**Aim of the exercise**
The records should be restated exactly from their first line through the line with "Tectake Schaukelstuhl Creme, Gold, Kunststoff, 70x100x93" in it.

**Dataset records**

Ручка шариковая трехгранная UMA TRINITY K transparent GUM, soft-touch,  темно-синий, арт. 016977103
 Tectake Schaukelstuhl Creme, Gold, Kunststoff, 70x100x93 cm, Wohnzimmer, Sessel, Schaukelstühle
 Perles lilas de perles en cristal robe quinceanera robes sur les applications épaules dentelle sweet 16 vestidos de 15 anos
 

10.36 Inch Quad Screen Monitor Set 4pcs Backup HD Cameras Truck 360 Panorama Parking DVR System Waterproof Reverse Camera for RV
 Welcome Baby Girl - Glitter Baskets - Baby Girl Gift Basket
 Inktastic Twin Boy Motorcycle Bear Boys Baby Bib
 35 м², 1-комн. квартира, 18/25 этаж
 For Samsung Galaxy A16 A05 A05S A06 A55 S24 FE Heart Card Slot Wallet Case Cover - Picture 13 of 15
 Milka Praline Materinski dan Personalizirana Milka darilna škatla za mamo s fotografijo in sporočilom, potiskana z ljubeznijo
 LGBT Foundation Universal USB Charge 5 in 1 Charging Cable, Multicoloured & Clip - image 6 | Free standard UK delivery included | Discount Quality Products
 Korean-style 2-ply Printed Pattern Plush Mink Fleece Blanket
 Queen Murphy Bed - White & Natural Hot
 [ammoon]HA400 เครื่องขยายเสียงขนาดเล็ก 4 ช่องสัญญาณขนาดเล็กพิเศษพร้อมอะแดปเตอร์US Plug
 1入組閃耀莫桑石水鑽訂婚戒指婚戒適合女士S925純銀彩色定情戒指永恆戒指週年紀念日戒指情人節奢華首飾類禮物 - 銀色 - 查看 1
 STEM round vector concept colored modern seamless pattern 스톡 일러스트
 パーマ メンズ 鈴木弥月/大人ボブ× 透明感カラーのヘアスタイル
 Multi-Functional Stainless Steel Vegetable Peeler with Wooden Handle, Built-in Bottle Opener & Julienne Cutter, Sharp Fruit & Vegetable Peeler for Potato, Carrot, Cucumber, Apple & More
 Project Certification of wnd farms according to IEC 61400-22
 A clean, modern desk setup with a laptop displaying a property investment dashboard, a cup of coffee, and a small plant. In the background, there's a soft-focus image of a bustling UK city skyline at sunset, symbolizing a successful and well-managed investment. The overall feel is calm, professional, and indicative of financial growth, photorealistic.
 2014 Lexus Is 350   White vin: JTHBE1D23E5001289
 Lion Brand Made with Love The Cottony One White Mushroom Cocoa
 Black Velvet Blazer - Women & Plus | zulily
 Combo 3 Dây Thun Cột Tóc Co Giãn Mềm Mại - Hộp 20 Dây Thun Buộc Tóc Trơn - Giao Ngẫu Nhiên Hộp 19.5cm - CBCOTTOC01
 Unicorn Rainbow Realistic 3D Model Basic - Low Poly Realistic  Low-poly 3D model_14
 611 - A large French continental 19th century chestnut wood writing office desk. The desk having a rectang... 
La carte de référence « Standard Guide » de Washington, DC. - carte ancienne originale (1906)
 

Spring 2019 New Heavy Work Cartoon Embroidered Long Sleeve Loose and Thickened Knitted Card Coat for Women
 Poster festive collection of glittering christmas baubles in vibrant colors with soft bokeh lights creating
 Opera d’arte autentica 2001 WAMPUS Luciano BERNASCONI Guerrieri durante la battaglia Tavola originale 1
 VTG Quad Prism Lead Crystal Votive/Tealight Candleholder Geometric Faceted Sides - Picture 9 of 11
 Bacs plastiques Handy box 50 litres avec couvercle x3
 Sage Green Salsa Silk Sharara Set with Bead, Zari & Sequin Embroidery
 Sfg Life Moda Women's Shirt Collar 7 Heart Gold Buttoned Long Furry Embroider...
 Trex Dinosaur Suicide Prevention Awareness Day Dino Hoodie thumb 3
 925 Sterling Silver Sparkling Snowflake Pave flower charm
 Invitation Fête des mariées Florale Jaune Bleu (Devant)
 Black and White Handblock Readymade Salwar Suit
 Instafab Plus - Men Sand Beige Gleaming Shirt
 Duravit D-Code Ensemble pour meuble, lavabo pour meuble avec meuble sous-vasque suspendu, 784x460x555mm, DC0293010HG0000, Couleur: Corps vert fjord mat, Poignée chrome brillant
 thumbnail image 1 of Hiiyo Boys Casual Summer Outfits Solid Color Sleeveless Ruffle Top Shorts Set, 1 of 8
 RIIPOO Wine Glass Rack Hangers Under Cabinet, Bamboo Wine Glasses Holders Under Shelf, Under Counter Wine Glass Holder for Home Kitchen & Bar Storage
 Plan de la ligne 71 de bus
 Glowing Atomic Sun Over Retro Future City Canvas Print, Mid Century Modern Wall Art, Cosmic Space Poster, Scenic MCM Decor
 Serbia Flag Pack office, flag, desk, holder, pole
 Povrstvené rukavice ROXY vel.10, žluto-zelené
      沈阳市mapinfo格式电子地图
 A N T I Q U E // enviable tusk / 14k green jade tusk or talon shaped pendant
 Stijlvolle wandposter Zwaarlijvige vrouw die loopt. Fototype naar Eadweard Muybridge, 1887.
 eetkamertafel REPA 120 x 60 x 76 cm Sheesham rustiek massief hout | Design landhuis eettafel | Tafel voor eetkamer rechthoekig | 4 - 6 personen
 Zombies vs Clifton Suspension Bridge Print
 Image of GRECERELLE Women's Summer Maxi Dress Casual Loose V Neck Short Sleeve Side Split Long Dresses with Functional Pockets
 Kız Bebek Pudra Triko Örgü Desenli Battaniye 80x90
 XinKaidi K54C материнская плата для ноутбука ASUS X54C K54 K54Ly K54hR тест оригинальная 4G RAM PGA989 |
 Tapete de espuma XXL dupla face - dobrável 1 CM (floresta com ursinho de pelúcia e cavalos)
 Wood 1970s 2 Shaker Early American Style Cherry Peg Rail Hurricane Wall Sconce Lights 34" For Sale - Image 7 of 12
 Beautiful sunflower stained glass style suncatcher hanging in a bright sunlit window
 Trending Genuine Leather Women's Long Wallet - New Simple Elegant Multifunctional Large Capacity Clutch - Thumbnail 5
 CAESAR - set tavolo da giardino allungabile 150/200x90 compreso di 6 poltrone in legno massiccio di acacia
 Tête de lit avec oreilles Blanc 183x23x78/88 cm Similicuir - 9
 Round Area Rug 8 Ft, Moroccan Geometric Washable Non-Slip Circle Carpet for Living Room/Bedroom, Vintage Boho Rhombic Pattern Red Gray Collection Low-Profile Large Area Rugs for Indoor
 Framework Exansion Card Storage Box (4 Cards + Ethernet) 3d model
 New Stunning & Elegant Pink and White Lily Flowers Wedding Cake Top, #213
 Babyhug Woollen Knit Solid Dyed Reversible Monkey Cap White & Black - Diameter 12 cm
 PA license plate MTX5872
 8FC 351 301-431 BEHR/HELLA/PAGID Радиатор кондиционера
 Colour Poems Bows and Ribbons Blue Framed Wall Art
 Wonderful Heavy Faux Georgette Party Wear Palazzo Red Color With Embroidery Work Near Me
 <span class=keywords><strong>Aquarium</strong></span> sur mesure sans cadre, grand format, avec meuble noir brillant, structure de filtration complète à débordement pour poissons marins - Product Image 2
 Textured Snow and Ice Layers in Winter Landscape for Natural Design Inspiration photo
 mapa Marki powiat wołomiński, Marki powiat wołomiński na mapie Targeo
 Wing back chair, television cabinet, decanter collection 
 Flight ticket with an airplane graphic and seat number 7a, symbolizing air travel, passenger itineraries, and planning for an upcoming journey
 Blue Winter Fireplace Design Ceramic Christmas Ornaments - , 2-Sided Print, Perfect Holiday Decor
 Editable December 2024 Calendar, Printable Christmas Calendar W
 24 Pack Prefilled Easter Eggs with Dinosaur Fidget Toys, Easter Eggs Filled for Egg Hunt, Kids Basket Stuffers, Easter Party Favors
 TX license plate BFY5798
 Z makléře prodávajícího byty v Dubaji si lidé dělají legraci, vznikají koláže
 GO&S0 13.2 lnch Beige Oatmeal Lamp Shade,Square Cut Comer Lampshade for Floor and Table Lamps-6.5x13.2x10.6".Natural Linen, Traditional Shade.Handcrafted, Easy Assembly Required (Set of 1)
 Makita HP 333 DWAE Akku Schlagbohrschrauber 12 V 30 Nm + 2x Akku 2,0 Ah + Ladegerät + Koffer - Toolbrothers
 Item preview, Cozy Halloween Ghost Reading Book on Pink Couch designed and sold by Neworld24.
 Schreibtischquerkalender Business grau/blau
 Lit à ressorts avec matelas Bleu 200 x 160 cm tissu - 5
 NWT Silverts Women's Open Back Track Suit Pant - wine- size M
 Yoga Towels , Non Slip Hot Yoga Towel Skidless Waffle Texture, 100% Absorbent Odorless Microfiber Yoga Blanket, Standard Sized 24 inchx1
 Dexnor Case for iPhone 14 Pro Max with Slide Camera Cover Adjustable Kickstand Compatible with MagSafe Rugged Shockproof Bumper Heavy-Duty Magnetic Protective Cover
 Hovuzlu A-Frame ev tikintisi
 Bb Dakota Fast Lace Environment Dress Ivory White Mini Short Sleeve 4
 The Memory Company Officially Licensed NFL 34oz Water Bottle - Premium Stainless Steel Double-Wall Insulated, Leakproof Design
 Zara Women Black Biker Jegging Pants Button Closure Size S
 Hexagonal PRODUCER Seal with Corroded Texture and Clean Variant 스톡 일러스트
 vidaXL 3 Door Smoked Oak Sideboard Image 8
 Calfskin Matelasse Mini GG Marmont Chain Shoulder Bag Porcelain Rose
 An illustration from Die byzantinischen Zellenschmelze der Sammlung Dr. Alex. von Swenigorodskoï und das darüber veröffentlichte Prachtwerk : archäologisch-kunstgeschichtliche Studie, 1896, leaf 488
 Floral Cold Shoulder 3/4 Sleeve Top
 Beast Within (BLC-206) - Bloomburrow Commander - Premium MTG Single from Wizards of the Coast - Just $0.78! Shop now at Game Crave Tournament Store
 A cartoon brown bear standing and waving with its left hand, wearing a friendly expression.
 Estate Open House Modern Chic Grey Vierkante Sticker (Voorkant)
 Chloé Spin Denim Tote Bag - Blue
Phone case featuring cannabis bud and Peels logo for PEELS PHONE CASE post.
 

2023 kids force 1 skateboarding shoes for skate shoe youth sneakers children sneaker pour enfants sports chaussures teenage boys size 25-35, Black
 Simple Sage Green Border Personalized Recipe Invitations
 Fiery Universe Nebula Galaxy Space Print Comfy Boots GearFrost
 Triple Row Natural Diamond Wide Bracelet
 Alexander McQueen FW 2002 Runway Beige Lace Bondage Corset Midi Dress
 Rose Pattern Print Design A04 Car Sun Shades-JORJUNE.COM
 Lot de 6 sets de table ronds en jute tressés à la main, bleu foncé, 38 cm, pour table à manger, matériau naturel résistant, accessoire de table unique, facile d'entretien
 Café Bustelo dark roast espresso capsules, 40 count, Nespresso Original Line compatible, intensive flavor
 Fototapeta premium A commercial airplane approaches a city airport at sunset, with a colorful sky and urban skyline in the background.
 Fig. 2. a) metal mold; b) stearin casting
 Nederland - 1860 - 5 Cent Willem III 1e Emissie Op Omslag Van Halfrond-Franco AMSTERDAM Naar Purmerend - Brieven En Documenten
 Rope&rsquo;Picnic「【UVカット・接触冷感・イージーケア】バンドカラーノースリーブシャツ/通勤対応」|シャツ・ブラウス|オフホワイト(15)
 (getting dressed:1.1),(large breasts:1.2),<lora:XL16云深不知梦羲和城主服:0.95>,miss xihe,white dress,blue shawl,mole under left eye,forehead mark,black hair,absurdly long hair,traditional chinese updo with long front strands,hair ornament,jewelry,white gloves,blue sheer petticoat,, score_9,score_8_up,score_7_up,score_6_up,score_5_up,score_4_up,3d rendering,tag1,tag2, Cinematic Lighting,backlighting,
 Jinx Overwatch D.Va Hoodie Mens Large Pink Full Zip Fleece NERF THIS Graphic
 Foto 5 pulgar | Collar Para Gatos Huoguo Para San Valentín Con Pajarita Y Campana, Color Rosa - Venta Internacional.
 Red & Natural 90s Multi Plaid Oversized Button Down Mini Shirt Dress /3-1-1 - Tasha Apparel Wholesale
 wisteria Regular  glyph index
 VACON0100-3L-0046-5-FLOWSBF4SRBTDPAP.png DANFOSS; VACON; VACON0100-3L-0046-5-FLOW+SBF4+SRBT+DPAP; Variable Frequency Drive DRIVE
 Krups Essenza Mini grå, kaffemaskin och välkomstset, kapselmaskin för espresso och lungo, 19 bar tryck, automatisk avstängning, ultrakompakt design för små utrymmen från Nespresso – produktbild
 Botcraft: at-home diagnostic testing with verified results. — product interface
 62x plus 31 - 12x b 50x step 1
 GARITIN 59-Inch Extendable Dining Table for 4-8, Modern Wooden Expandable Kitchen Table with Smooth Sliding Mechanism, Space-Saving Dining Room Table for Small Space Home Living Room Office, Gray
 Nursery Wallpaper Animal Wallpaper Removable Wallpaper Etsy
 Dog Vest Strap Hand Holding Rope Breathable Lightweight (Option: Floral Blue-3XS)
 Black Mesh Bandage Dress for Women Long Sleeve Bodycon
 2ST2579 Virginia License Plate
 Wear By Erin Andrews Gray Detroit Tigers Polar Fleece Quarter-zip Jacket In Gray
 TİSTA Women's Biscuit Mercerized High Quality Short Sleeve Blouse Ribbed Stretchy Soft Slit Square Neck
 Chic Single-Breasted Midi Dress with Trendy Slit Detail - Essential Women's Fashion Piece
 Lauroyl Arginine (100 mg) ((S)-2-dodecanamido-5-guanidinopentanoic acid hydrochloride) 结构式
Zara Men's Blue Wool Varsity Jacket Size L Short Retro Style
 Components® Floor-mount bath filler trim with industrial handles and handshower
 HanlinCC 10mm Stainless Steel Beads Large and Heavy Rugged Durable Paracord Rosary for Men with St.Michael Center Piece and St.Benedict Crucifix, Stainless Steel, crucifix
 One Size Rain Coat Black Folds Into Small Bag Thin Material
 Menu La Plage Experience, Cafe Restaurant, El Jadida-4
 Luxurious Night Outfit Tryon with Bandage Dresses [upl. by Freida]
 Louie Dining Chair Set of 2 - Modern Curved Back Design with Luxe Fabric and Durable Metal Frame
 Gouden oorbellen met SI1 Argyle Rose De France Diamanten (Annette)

**Response below**
Ручка шариковая трехгранная UMA TRINITY K transparent GUM, soft-touch,  темно-синий, арт. 016977103
 Tectake Schaukelstuhl Creme, Gold, Kunststoff, 70x100x93 cm, Wohnzimmer, Sessel, Schaukelstühle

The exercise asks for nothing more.